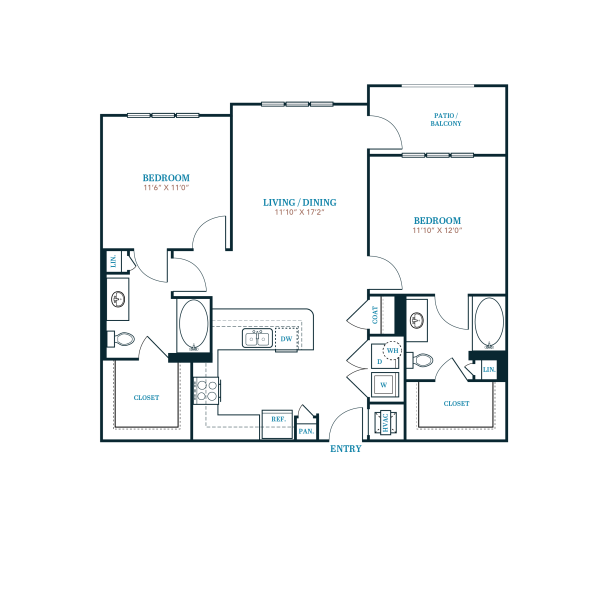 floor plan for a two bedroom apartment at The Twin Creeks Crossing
--
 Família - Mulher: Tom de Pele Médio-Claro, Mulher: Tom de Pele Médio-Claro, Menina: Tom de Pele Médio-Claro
---
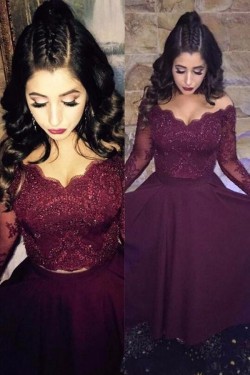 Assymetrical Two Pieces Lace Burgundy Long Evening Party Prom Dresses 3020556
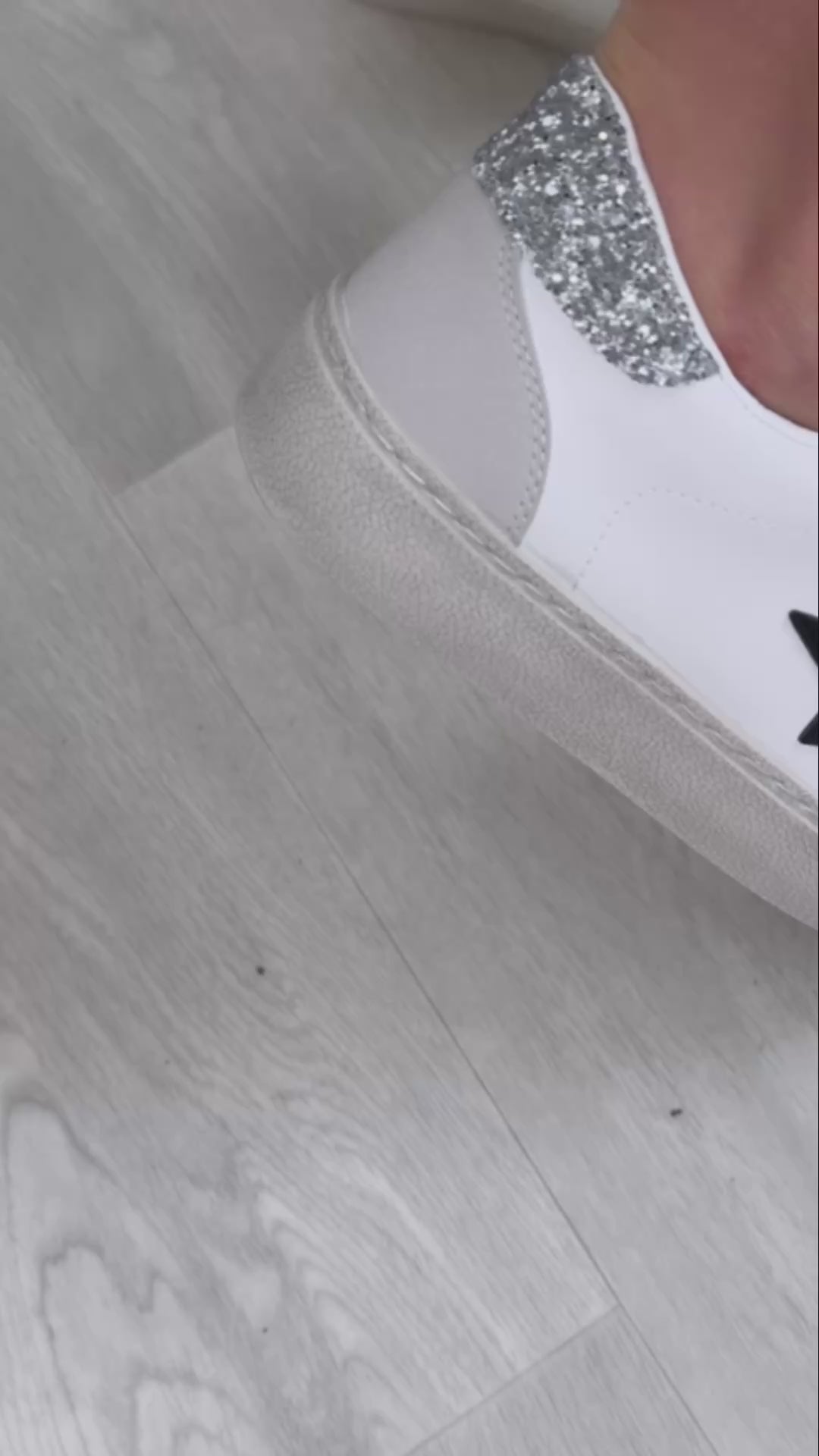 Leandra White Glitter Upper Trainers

▶ **EXERCISE**: Within the entries above, the lines from the one containing "Assymetrical Two Pieces" through the one containing "Leandra White Glitter Upper Trainers" are to be transcribed exactly, ends included, pictures excluded.

▶ **SOLUTION TO THE PROBLEM**:
 Assymetrical Two Pieces Lace Burgundy Long Evening Party Prom Dresses 3020556
 Leandra White Glitter Upper Trainers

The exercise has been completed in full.